On faith: Feed your soul, not the plant

This August I had the great fun of participating in a production of “Little Shop of Horrors.” While a comic musical, it has a dark and tragic ending made all the more tragic because it was completely avoidable. The question that remains with me is: Where was the church?

By: Rev. Lawrence Lee, United Church of Two Harbors, Lake County News Chronicle

This August I had the great fun of participating in a production of “Little Shop of Horrors.” While a comic musical, it has a dark and tragic ending made all the more tragic because it was completely avoidable.

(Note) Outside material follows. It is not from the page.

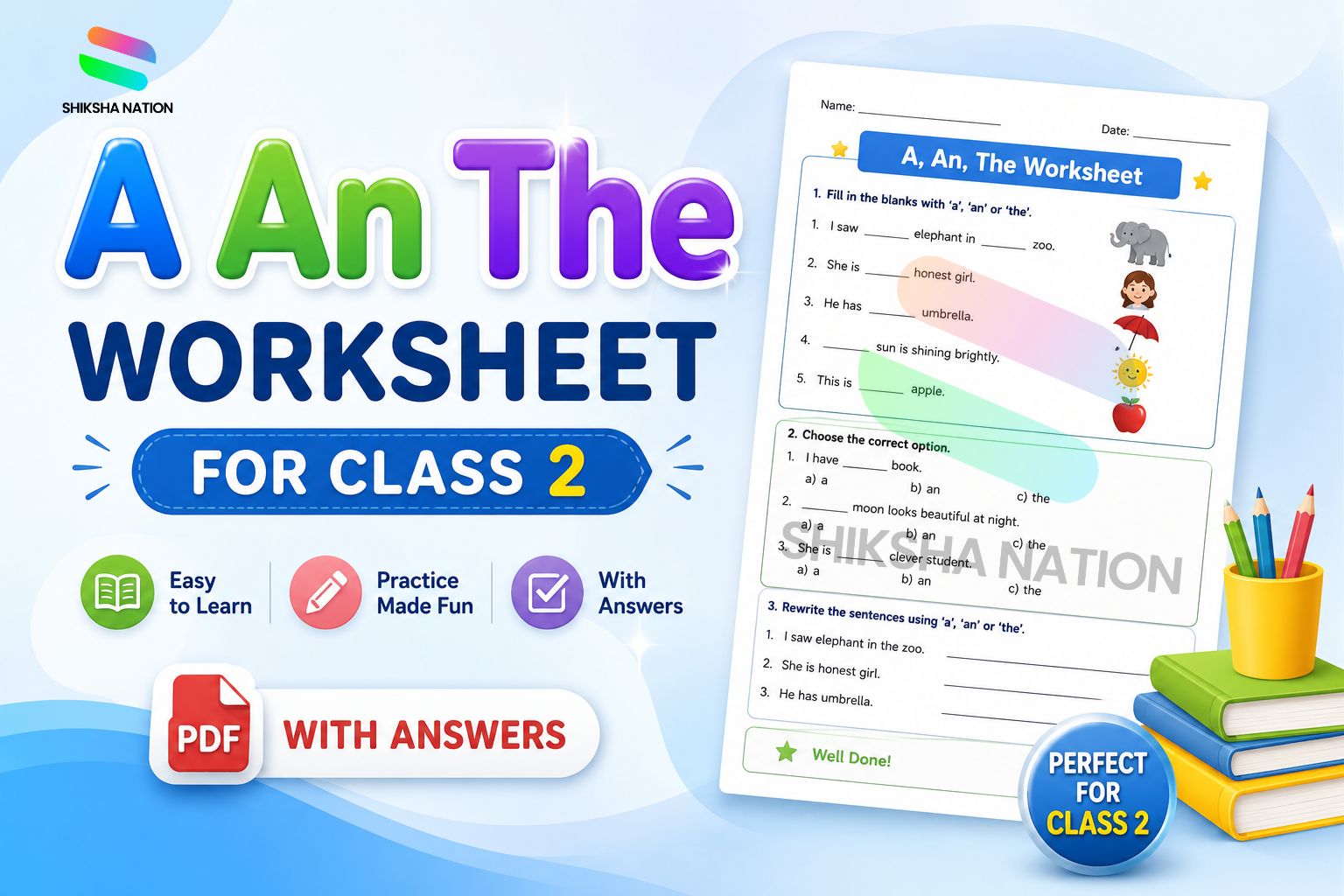 A An The Worksheet for Class 2 with Answers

The question that remains with me is: Where was the church?

The story revolves around an orphan named Seymour, an assistant at a skid row plant shop. He secretly adores his co-worker, Audrey, but doesn’t have the gumption to tell her. Likewise, Audrey adores Seymour, but has such low self-esteem that she has fallen into an abusive relationship and doesn’t feel worthy of true love.

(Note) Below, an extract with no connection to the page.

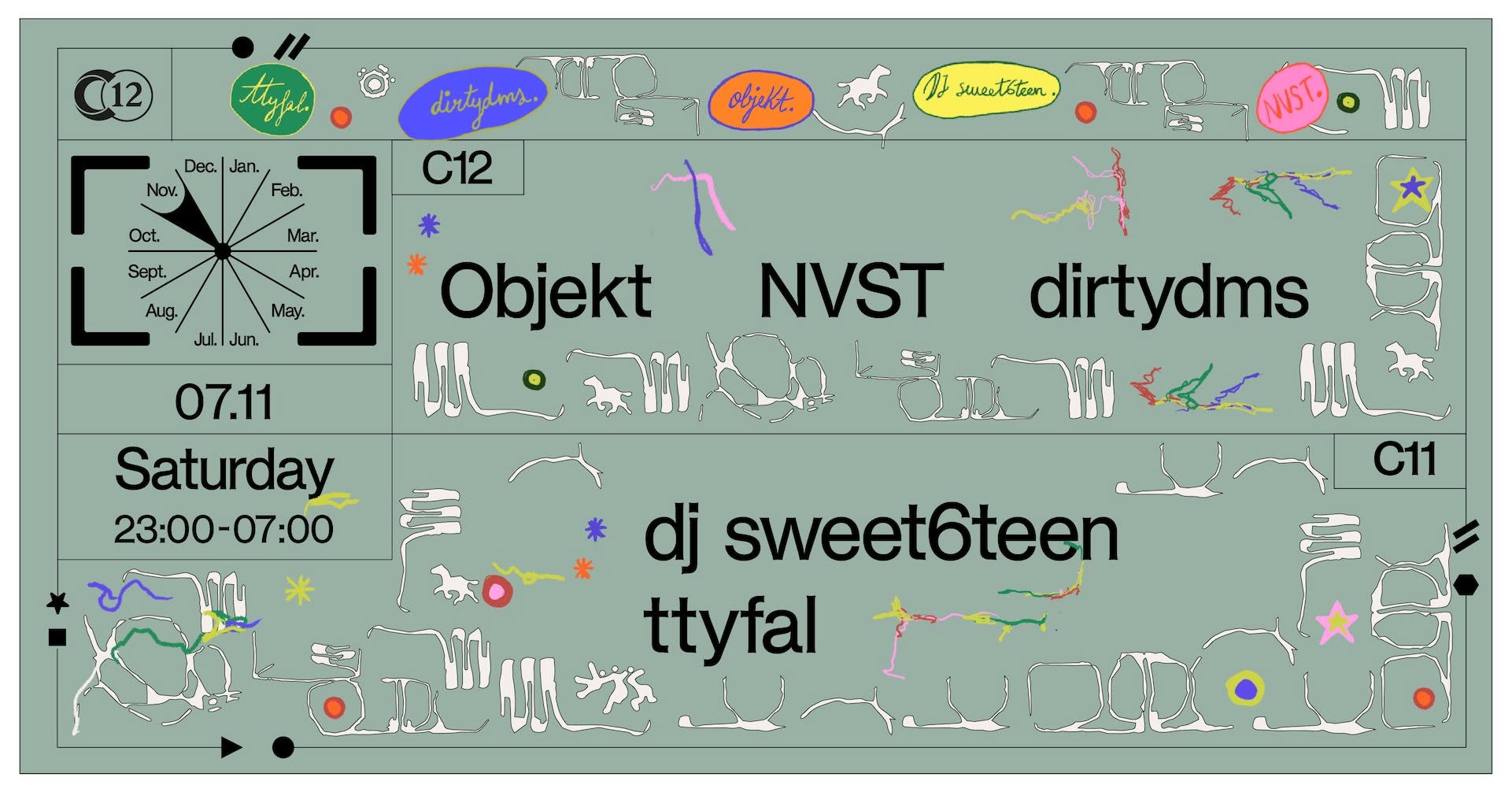 C12 Nite w/ Objekt, NVST, dirtydms, dj sweet6teen, ttyfal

Seymour discovers a bloodsucking plant that he feeds with his own blood and, because of the plant’s uniqueness, he starts to gain notoriety, fame, and fortune. As the plant grows, its demand for blood exceeds what he can give. Seymour feeds the plant the body of Audrey’s abusive boyfriend, which, at the time, seems just.

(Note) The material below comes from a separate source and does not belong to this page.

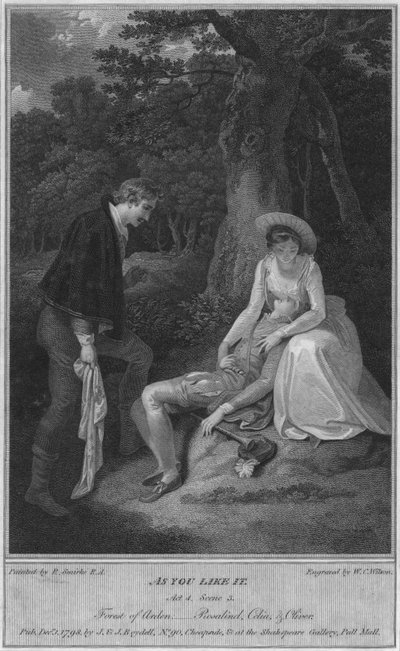 Como gustéis. Acto 4. Escena 3. Bosque de Arden, - Rosalind, Celia y Oliver, 1798 de W. C. Wilson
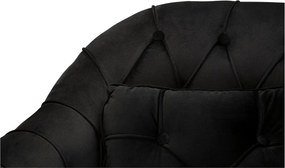 Canapea neagră cu tapițerie din catifea 130 cm Budapest – Mauro Ferretti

But the plant is never sated. The plant always demands more blood. Audrey, herself, becomes a victim of the plant and, finally, Seymour.

The tragic part of all of this is that the plant promised things to Seymour that were already his. He didn’t need the plant to be popular, intelligent, or to gain the love of Audrey. He only thought he did. In the show Seymour even sings “without my plant she might not love me anymore.”

And so I turn to my original question: Where was the church? Why was there no community of love there in Seymour’s life to affirm him as a person of worth? Why wasn’t Audrey lifted out of her spiral of self-loathing and destructive relationships by a community that loved her for herself? Why wasn’t Christ’s sacrifice magnified as sufficient to break the cycle of violent sacrifice of self and others that Seymour felt compelled to engage in?

Where was the church?

While the story of Seymour and Audrey is fictional and farcical, it resonates because the human dynamics are true. There are Seymours and Audreys out there right now who need to know love and acceptance and to be built up, not torn down, or the cycle of violence will continue. Once we are enslaved through our own doubts to these systems of violence, it is difficult to extract ourselves.  

It is best if we never start feeding the plant at all, as innocent as those first few drops of blood may seem.

As the chorus pleads in the big finale, “They may offer you fortune and fame, love and money and instant acclaim, but whatever they offer you, don’t feed the plants!”

The Rev. Lawrence Lee portrayed Mr. Mushnik in this summer’s Duluth Playhouse production of “Little Shop of Horrors.” He has been the pastor of the United Church of Two Harbors for eight years.